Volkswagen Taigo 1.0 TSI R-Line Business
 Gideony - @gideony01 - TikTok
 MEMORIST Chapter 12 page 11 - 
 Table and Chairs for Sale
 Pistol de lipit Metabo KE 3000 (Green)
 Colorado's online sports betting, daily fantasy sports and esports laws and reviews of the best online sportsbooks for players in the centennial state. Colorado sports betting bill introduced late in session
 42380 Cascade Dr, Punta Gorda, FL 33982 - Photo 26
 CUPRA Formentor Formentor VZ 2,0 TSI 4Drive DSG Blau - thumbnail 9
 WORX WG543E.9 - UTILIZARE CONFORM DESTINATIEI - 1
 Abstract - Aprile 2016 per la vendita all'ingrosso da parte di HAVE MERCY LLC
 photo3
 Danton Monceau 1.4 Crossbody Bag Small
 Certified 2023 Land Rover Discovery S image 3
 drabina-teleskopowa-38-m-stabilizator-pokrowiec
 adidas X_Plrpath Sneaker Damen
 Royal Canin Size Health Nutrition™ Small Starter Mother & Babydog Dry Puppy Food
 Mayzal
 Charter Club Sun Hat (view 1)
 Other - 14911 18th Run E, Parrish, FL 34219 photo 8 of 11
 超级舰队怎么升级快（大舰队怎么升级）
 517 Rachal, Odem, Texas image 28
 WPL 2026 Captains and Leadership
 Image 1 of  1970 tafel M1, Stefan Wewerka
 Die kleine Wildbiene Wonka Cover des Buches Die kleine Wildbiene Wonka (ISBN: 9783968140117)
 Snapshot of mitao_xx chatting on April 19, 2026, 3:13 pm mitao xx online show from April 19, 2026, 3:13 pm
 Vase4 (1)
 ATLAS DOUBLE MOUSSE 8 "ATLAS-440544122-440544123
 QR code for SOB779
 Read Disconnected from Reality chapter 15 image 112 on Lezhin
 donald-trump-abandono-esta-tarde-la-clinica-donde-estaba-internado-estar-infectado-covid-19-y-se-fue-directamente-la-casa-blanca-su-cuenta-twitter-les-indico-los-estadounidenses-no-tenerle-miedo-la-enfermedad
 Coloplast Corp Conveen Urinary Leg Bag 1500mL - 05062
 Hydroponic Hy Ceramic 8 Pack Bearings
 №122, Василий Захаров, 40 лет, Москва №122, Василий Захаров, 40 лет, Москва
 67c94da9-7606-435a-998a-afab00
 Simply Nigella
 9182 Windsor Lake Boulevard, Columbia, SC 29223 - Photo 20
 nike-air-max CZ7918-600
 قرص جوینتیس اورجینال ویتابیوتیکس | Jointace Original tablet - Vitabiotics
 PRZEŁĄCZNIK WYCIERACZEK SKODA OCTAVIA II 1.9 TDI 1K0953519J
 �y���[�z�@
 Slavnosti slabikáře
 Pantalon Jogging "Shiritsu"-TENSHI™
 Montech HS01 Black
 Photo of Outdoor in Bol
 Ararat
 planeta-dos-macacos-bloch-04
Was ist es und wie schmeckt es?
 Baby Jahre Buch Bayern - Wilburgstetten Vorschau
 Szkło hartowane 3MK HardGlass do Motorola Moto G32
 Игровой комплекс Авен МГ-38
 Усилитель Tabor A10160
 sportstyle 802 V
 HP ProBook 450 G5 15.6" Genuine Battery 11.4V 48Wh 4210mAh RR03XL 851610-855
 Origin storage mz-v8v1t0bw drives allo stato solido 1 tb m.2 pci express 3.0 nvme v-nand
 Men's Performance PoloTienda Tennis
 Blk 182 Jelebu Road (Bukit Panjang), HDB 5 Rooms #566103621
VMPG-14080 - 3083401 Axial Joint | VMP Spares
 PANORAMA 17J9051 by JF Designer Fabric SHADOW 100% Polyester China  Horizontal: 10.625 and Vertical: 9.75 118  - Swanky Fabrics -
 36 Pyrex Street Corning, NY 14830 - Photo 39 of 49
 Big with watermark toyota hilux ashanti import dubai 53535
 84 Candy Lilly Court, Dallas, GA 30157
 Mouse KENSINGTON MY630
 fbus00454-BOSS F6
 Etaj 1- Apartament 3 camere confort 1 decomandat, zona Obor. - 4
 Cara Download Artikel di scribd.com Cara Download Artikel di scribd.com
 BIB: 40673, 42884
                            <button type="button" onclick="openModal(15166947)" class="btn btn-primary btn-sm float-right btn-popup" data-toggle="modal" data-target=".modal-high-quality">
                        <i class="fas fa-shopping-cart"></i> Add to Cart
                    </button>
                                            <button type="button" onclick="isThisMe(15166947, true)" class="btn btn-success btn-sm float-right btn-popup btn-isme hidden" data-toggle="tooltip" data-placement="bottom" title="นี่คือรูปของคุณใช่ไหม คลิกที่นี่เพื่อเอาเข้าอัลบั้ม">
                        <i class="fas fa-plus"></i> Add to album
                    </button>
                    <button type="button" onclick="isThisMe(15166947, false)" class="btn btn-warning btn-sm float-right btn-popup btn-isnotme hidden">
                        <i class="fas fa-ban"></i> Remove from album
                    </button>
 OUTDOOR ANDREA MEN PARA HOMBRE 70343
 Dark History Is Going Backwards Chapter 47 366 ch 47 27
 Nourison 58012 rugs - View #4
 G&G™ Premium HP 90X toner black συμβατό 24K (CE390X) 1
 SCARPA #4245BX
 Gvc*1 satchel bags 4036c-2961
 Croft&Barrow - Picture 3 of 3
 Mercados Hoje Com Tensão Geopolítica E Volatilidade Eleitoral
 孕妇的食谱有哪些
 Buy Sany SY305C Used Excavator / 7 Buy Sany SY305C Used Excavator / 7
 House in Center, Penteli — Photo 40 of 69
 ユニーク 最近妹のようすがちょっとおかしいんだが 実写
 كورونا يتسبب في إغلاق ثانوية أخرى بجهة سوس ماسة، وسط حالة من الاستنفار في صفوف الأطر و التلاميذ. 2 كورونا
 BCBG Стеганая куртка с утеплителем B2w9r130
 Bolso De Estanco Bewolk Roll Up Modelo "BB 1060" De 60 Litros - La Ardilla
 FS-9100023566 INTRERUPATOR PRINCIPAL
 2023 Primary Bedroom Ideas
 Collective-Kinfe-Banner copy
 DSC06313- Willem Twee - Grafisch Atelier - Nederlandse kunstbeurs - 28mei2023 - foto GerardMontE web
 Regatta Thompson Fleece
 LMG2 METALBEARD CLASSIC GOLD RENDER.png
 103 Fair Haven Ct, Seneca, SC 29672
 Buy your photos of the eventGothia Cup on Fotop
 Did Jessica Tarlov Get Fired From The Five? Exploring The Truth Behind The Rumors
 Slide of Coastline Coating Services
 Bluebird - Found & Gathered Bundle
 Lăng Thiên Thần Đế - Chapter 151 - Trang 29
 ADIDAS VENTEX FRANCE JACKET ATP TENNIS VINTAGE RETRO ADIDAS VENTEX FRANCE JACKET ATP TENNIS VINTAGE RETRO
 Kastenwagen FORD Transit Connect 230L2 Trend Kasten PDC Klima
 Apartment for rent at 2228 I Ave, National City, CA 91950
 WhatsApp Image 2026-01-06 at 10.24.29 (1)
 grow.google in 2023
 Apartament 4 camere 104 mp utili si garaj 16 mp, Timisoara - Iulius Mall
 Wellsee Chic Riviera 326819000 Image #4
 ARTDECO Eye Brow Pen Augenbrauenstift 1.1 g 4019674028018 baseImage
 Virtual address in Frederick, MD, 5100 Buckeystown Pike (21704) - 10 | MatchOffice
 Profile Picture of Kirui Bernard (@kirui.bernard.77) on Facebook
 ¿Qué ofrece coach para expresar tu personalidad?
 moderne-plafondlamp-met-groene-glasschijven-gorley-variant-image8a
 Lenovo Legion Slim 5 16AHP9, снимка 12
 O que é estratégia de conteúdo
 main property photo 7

------------

Activity => Report each line of the records that holds the word "Picture".

Solution below =>
 Croft&Barrow - Picture 3 of 3
 Profile Picture of Kirui Bernard (@kirui.bernard.77) on Facebook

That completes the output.